**Task to carry out**
Repeat all of the data below word for word, keeping no images.

**Dataset content**

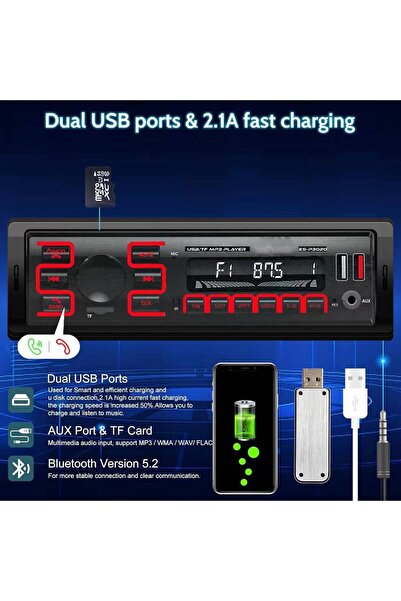 Foxus Oto Teyp mp3 Bluetooth 5.2 YÜKSEK ÇIKIŞLI YENİ NESİL EKRAN USB, AUX, Hı...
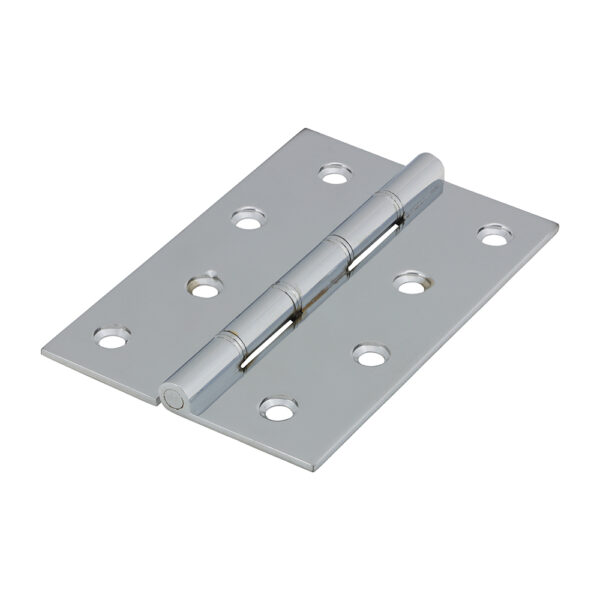Double Steel Washered Butt Hinge - Solid Brass - Polished Chrome 102 x 67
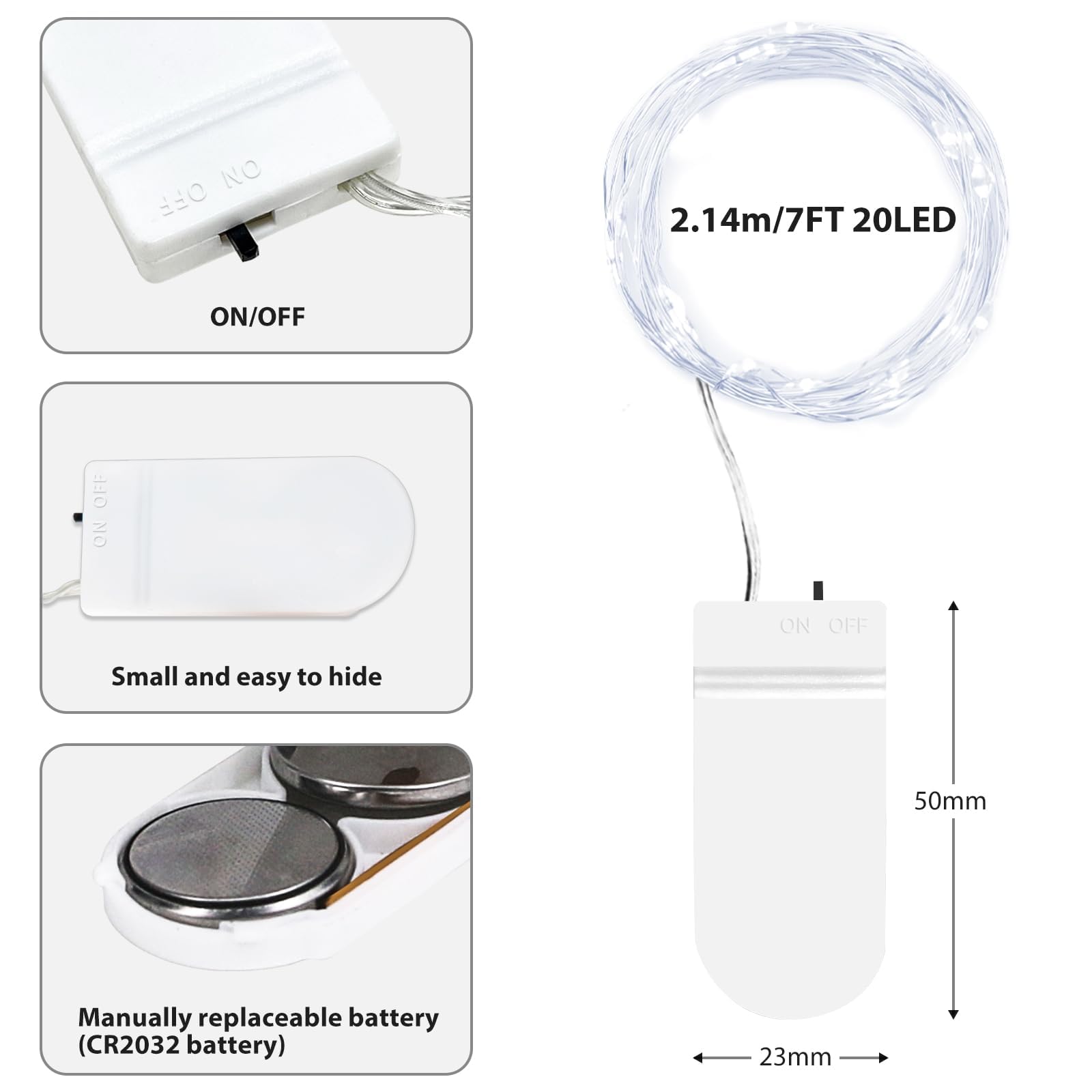 Auting Mini catena di luci a LED con batteria, 2 m, per interni, 3 x 20 pezzi, luce bianca calda, per feste, giardino, matrimonio, Natale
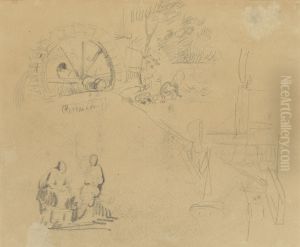 Landschapsfragment met waterrad en twee figuren (verso)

**Answer to the exercise**
 Foxus Oto Teyp mp3 Bluetooth 5.2 YÜKSEK ÇIKIŞLI YENİ NESİL EKRAN USB, AUX, Hı...
Double Steel Washered Butt Hinge - Solid Brass - Polished Chrome 102 x 67
 Auting Mini catena di luci a LED con batteria, 2 m, per interni, 3 x 20 pezzi, luce bianca calda, per feste, giardino, matrimonio, Natale
 Landschapsfragment met waterrad en twee figuren (verso)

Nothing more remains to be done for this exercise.